Obwohl Architekturen bei ihr eine zentrale Motivkette ergeben, ist sie keine Vedutenmalerin und trotz der vielen Innenräume auch keine Malerin von Interieurs. Die verschachtelten Raumfluchtenansichten laden keineswegs dazu ein, betreten zu werden. Vielmehr führen Fußböden und Wände ein malerisches Eigenleben, werden durch Strukturen und Schattenwürfe zu rhythmischer Farbharmonie.

Die Teile der Innenräume und Architekturfragmente haben zudem stilllebenhaften Charakter, die Bildwelt in der momentanen Flut von Licht und Schatten scheint der Zeit enthoben und führt ein malerisches Eigenleben. Man denkt unwillkürlich an Edward Hopper und seine Bildikonen – doch fehlt dazu in den Bildern Navarros die Figur des Menschen, von gelegentlichen Skulpturen einmal abgesehen. Und bei aller gegenständlichen Zuneigung zu den Motiven bleibt im Gegensatz zu Hopper die Gegenstandswelt doch letztlich bedeutungslos: Wohin soll uns eine Perspektive führen, wohin ein Treppengeländer? Die Reihe der Waschbecken auf einer Damentoilette ist keine Sozialkritik. Dennoch ist die Reihe wichtig. Reihung ist geradezu ein Kompositionsprinzip in vielen Bildern: Stufen, Kacheln, Vorhang, Streifen, Fenster- und Türrahmen tauchen immer wieder auf, dann aber häufig von Licht durchbrochen oder durch Spiegel gewellt. Ziel ist wohl letztlich die reine Malerei, wie sie sich durch warme und kalte Zwischentöne, in Grau und Braunwerten zu entfalten vermag.

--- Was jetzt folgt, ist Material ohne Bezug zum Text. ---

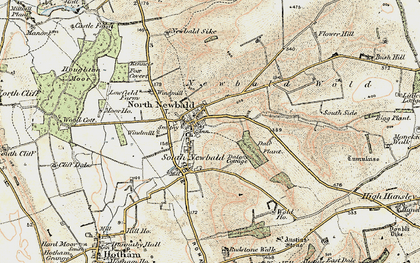 Old map of North Newbald in 1903-1908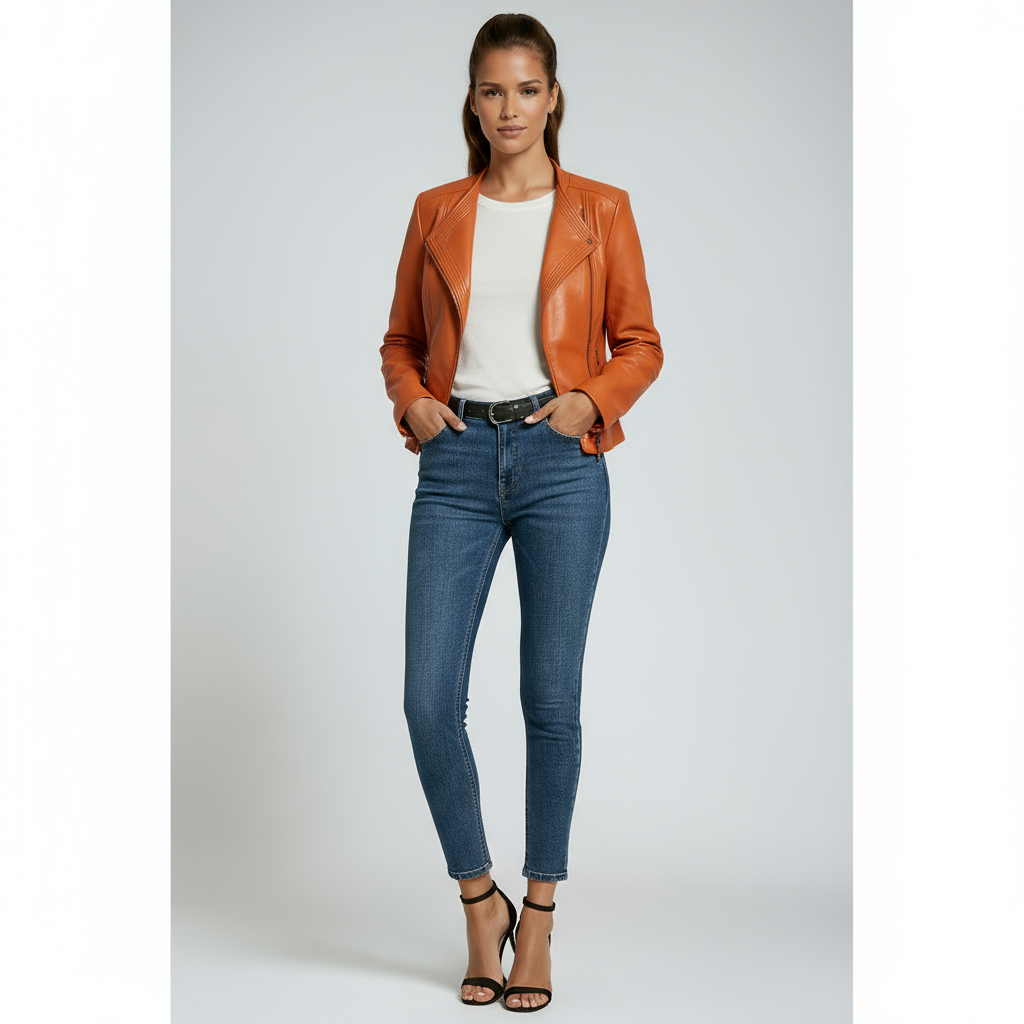 LEATHER WIDE-LAPEL JACKET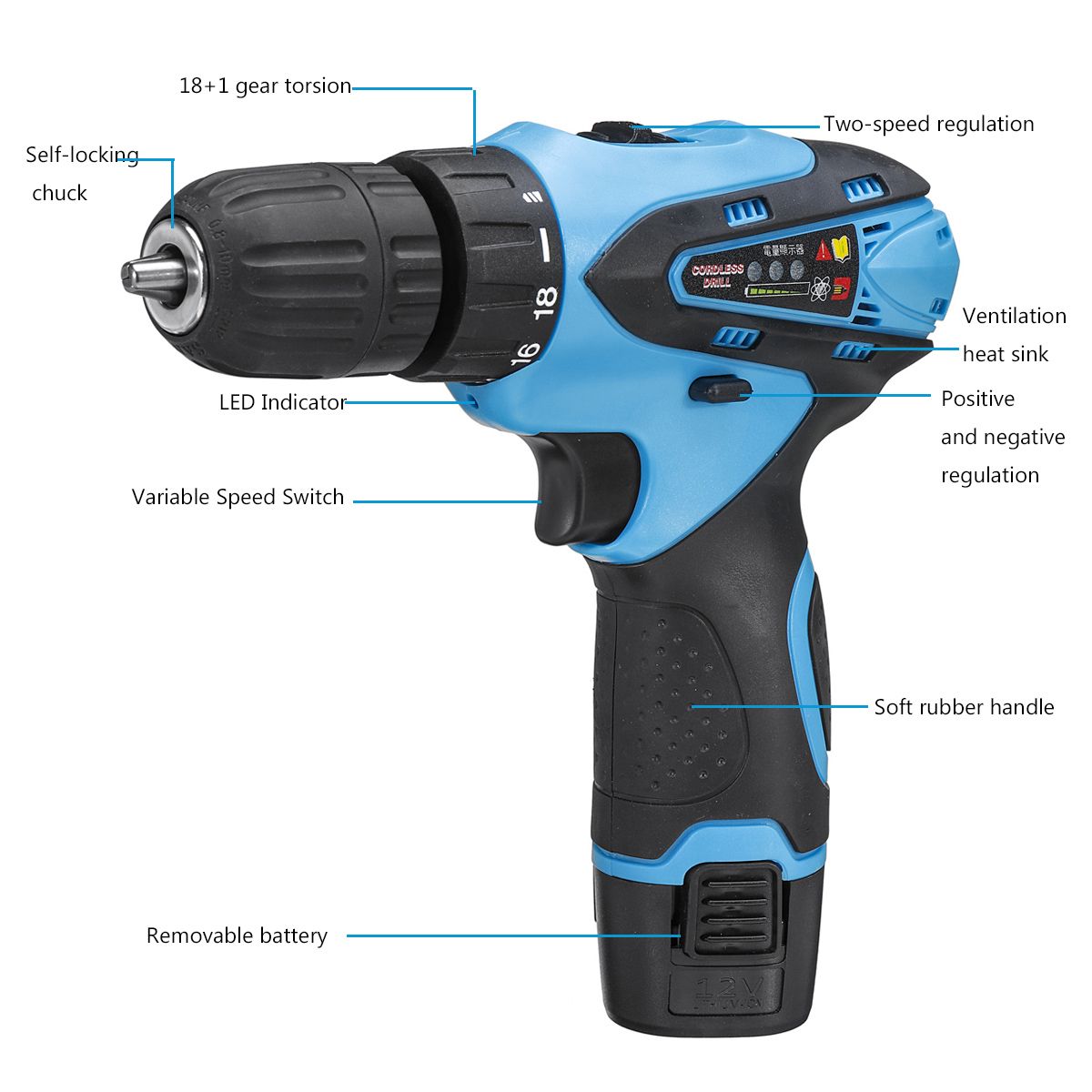 12V-Cordless-Power-Drill-2-Speed-Electric-Screwdriver-Repair-Tools-Kit-W-2-Pcs-Li-ion-Battery-1555818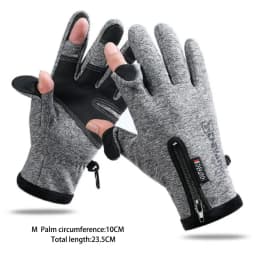Winter Fishing Gloves 2 Finger Flip Waterproof Windproof Cycling Angling Gloves Warm Protection Fish Angling Gloves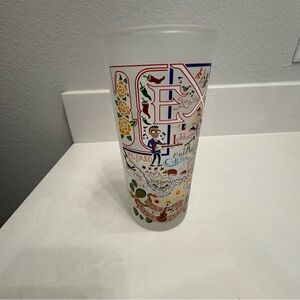 “Texas” Whimsical city landmarks painted design Frosted Drinking Glass NEW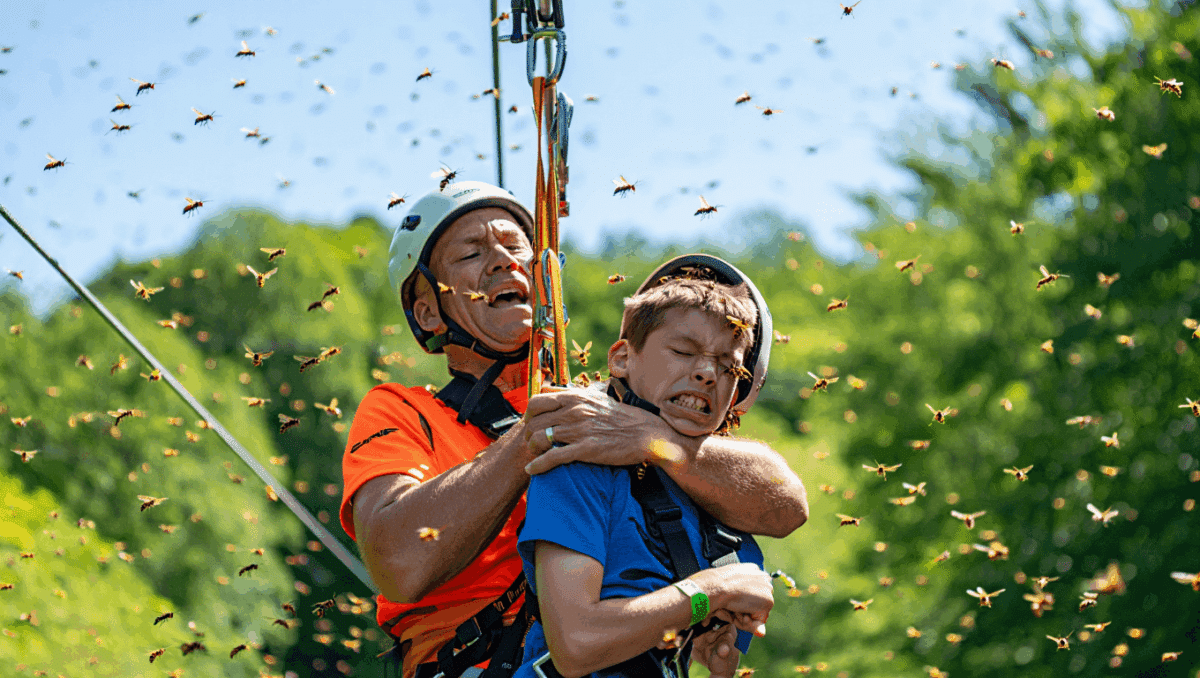 attack kills father and son after more than 100 stings while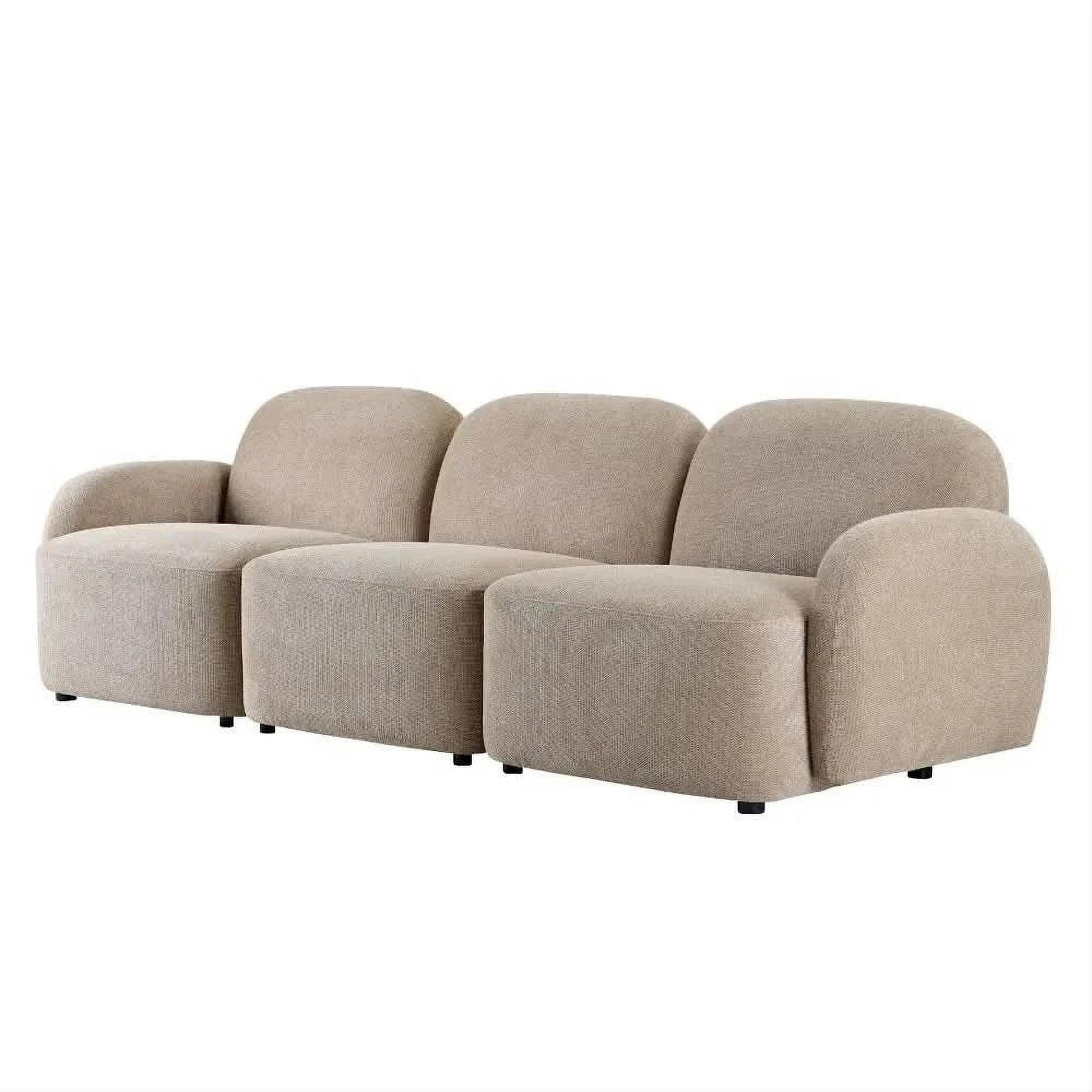 Lorelei 3-Seater Modular Chenille Sofa in Taupe - Chocolate Wood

In einer Zeit, in der in großen Museen und Ausstellungen immer weniger Malerei zu sehen ist, der Begriff "peinture" im Kunstbetrieb geradezu als obsolet und zuweilen wie ausgelöscht erscheint, ist die Malerei Navarros ein Glücksfall! Zeigt sie uns doch, dass eine tiefere Wirkung von Licht und Farbe auf den Menschen durch nichts anderes so erreicht werden kann wie durch Malerei.

Mag unsere Welt noch so sehr durch Technik definiert sein, die Empfindung für ästhetische Werte, ihre farbige und formale Transformation und Neuordnung in einem künstlerischen Zusammenhang bleibt allemal ein Bedürfnis des Menschen und mögen sich Museumsleute noch so geschmeichelt fühlen, dass ihre Vitrinen und Raumfluchten von der Künstlerin als Motiv gewählt wurden, sie, die Gegenstände und Räume, sind es letztlich nicht, die hier zählen, es ist das konstante Bekenntnis zur reinen Malerei.

Jan Willmes, M.A.

Industriearchitektur und Spiegelungen

(Auszug)

Die Bilder Irene de Navarros sind brillant gemalt, sie entwickeln in ihrer subtilen Farbigkeit vor allem in den großen Formaten eine suggestive Kraft.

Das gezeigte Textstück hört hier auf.